“EVERY MAN TO HIS WORK”
Questions and Experiences Starting from the Manifesto of Good Work

Guided tour duration: 45 minutes

Exhibition promoted by Compagnia delle Opere

“Each man to his job.” This is how the passage by T.S. Eliot ends, the same passage from which this year’s Rimini Meeting takes its title. It is no surprise, then, that the theme of work is one of the main focuses of this edition.

Last year, the Meeting provided the opportunity to complete the reflections that led to the drafting of the Manifesto of Good Work, later disseminated by the Compagnia delle Opere in dozens of events across Italy. This document was not intended merely to outline programmatic points, but to spark a process of analysis, dialogue, and comparison among entrepreneurs and with all people and institutions interested in rethinking the meaning of work today.

This year’s edition takes a step further with an exhibition that bears the same title as Eliot’s concluding phrase and emerges as a “natural” development of the Manifesto.
Its starting point is that work still today raises countless questions for those who do it or seek it. At the same time, even though the volume and intensity of work are increasing, satisfaction and happiness among workers are declining, as national and international research continuously shows.

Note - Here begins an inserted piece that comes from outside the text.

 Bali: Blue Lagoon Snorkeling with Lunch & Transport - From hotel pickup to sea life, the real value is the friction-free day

In such an urgent and widely debated context, this exhibition aims to be a space where the questions anyone working might face can be asked and encountered, bringing them into dialogue with experiences of those who have attempted, in practice, to respond. How? By comparing with the experiences and insights of entrepreneurs, managers, employees, professionals, and non-profit entities, both Italian and international, of different ages. These will be shared through brief video interviews.

The exhibition is divided into three sections: background context, key questions, and testimonies, built around themes particularly urgent today that touch on the different facets of the meaning of work.

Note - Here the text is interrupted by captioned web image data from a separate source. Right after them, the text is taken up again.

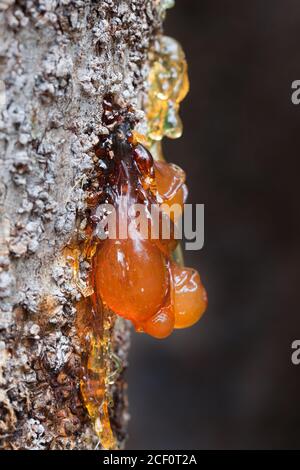 Linfa che emana dal tronco della cenere di seta settentrionale (Flindersia bourjotiana). Agosto 2020. Baia di mucca. Parco Nazionale di Daintree. Queensland. Australia. Foto Stock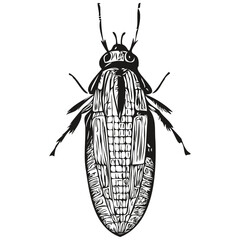 Vector image of silhouette of a bug on a white background, bugs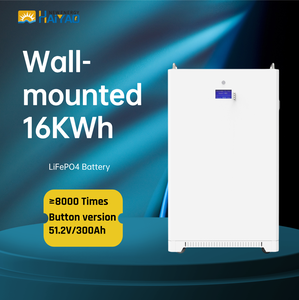 Hysonn <b>Wall</b> Mounted 10000 Cycle Lithium Battery 5Kwh 10Kwh 11.7Kwh 15Kwh 16Kwh 30kWH Home Energy Storage System - Product Image 1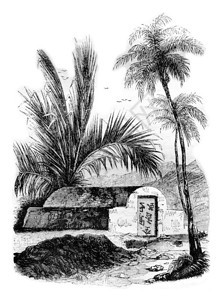 马鲁古群岛安邦的1842年马加辛皮托雷克古老的雕刻插图图片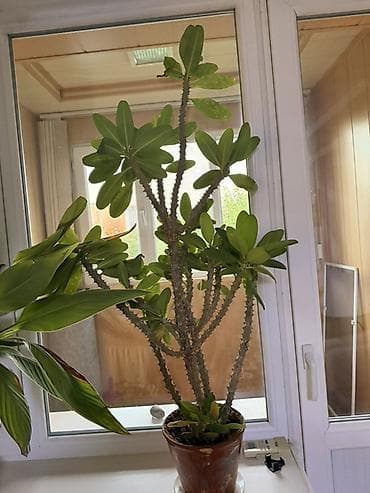 фиалки сортовые: Комнатные растения в горшках: 1) Молочай Миля (Euphorbia milii — 4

The first section is about working for what and for whom. The theme of purpose is increasingly central for many organizations, but often simply stating a purpose is not enough for workers to identify with it. This can be explored from both the company’s and the worker’s perspective. What is the purpose of my work? Should my personal purpose align with that of the company I work for? Not just why do I work, but for whom do I work?

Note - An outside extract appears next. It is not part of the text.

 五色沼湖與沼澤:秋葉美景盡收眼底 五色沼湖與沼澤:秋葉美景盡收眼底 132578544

The second section explores working with. Work means relationships — with colleagues and with the broader reality in the form and task each person is called to. Work is always about coming together. This raises the issue of encountering the diversity of others. What value does listening to others have in a company? What value lies in building mature and deep relationships at work?
But also: what does working in an office mean today? What does it mean to work from home? What are the advantages of working in a shared space? What are effective organizational models for smart working?
In a context where, according to Gallup, only 13% of Italian workers feel a sense of belonging at work, and Censis reports that 20.5% often and 48.1% occasionally feel their work environment does not foster cohesion among colleagues, these questions are more urgent than ever.

The final section addresses working how, starting from the observation that certain intrinsic and very concrete aspects of work raise fundamental questions about its meaning.
Take fatigue, for example: between 2013 and 2023, the number of workers resigning annually increased by 57%. Between sacrifice and exhaustion, work often seems detached from life. This raises many questions: Is the goal of working to find a balance between life and work? This idea is often criticized—but what is a constructive alternative today? Are life and work inevitably in conflict? Is it a matter of organizational tools or of deeper purpose?

Technology, particularly artificial intelligence, also plays a role: what kind of opportunity does it offer workers today? Is it merely a way to reduce work time, or can it improve how we work and free time for better activities?
More deeply, how do we face the demands, pace, and performance pressures of work? According to Censis, 24% of Italian workers often feel under too much pressure, and 49.9% occasionally. How does the legitimate desire to work well turn into a performance trap? Is performance always negative, or can it be directed toward a greater design?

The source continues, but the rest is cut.